Shortly after the 4-2 loss to the Rangers on Wednesday night that finished New York’s four-game sweep, 40-year-old forward Scott Mellanby hinted his career was finished after 21 NHL seasons. “We’ll see,” the grizzled veteran said. “I think that’s about it. I’ve thought about it and I know what I’m going to do. I’ll wait a couple of days.”
That’s just about as long as the Thrashers lasted in the playoffs after getting into the tournament for the first time by winning the Southeast Division title. The previous two Stanley Cup winners – Tampa Bay and Carolina – took that road to the title, so the faithful in “Blueland” hoped their team might make a similar run.
“We weren’t even close to being competitive in the playoffs,” said forward Bobby Holik, a two-time champion with New Jersey. “There should be no sense of accomplishment whatsoever.”

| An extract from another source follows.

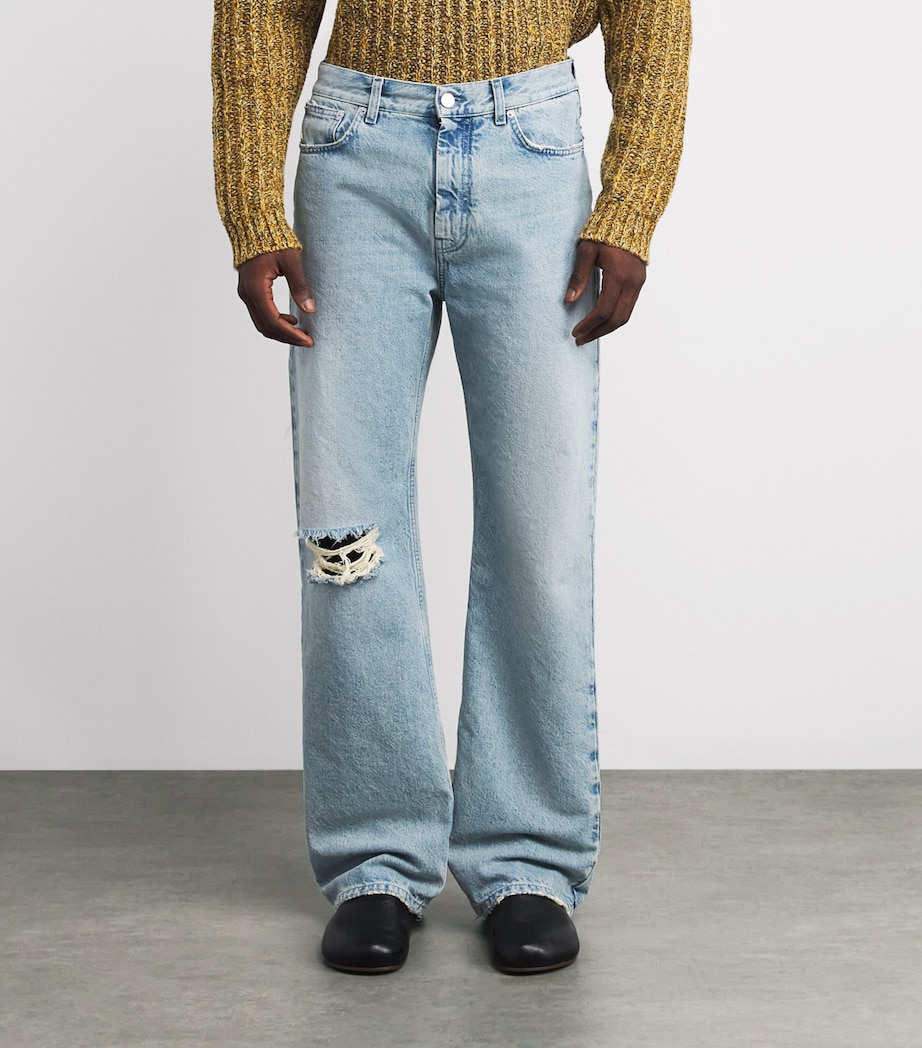 Ripped Straight Jeans INDIGO WASH Image 3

The Thrashers, 3-1 against the Rangers in the regular season, didn’t come close to matching that success in the playoffs. They lost two one-goal decisions at home and then were demolished 7-0 in Game 3 when Kari Lehtonen got shelled after sitting out the game before in favour of Johan Hedberg.

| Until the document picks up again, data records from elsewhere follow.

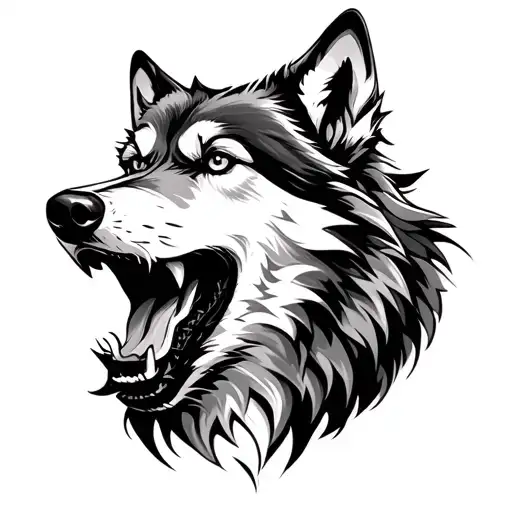 create a unique tatoo desing of wolf line form open mouth tattoo design idea
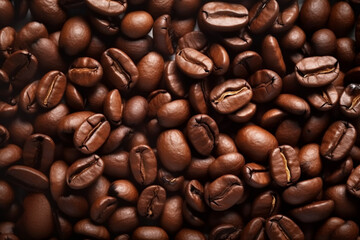 Obraz premium Coffee beans background. Close-up image of coffee beans. Top View Coffee Beans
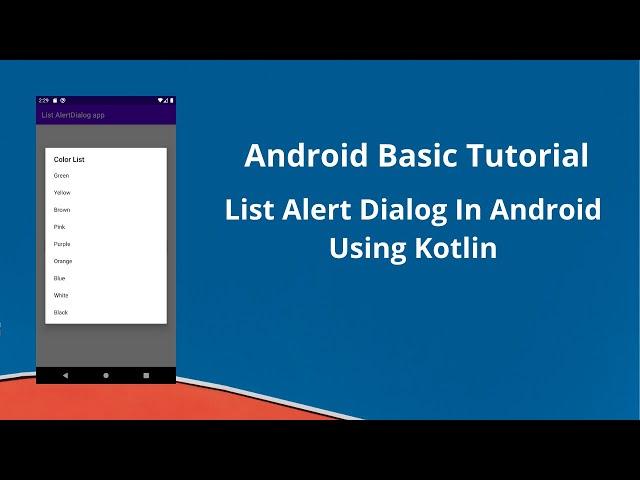 List Alert Dialog In Android Using Kotlin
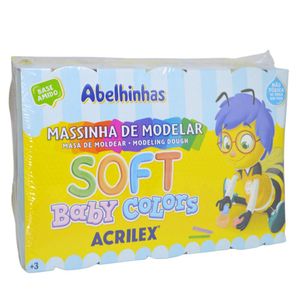 Massinha de Modelar Abelhinhas Soft Baby Colors C/ 6 Cores Ref. 07376 Acrilex (900 gramas)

The move back to Lehtonen by coach Bob Hartley was curious at best since Hedberg made 37 saves in Game 2 and couldn’t be faulted for either goal the Rangers scored. Lehtonen, the No. 2 overall pick in the 2002 draft and presumed Thrashers goalie of the future, was touched for four goals in the series-opening loss.

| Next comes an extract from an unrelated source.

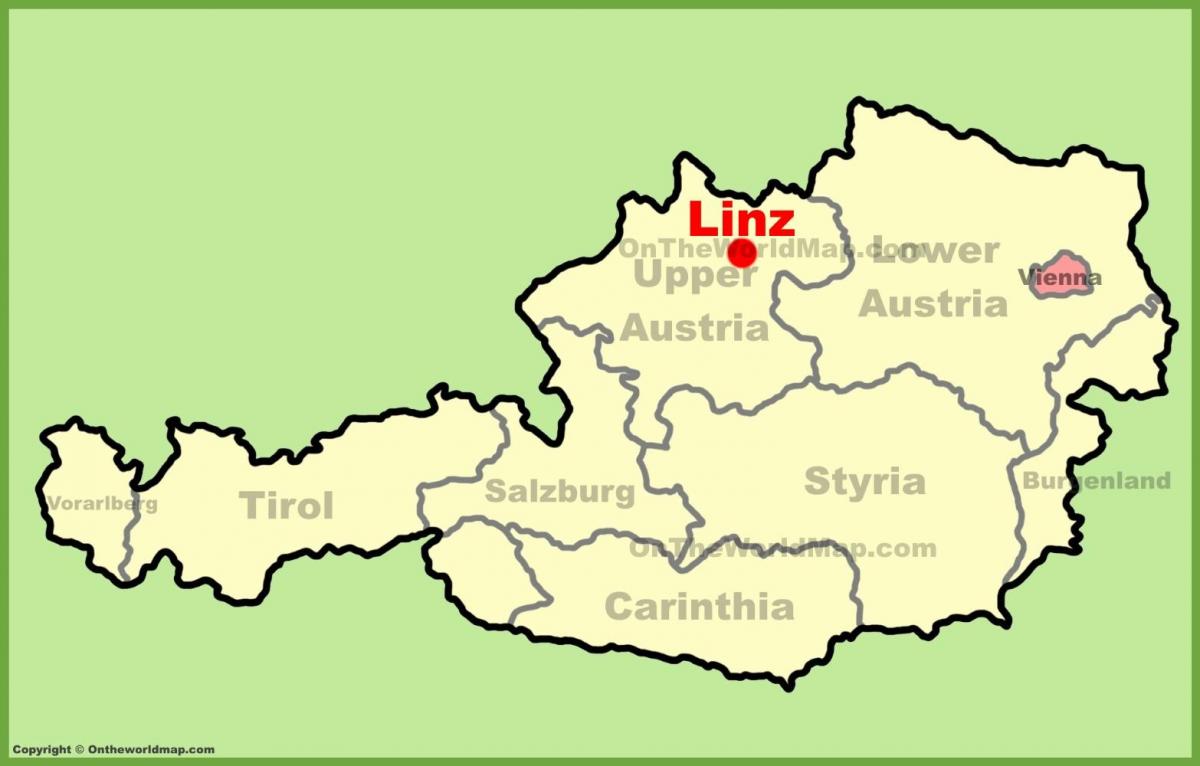 χάρτης του linz της αυστρίας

Unsettled goaltending and the virtual disappearance of top scoring threats Marian Hossa, Slava Kozlov and Ilya Kovalchuk made the series seem every bit the blowout the sweep suggests.
Hossa, the team leader this season with 43 goals and a career-high 100 points, managed only one assist in the series – helping to set up Greg de Vries’ second-period goal Wednesday that gave Atlanta a 2-1 lead.
Kozlov, second with 80 points, was blanked in the four games. Kovalchuk had a goal and assist after scoring 42 goals in the regular season.
“I don’t think I played my best but I worked hard,” said Kovalchuk, the No. 1 pick in the 2001 draft. “I just need to prepare myself like I did before this season so we can get to the playoffs next year because that is the best hockey.”
Not for Atlanta this time around. The Thrashers put up a fight after the demoralizing shutout loss in Game 3, but the next-day turnaround at Madison Square Garden was too much to overcome.
Atlanta didn’t lead in the series until the final game when they went ahead twice. But the advantages lasted a total of seven minutes 11 seconds.
“We were kind of embarrassed (Tuesday) night,” Hedberg said. “We truly believed we could turn this thing around. The Rangers played tremendously well defensively the whole series. I didn’t know they were capable of doing that. They got the timely goals. Maybe they were just a little bit better than us.”
Rangers fans were ready to celebrate the team’s first playoff win in a decade, and the Thrashers were merely the team in the way. After the series-ending handshake line, the music that escorted the players off the ice was “The Night They Drove Old Dixie Down” by The Band.
That pretty much summed up a series in which New York held advantages of 17-6 in goals and 143-99 in shots.
“It feels really empty when you lose four in a row,” Kovalchuk said. “That is really disappointing.”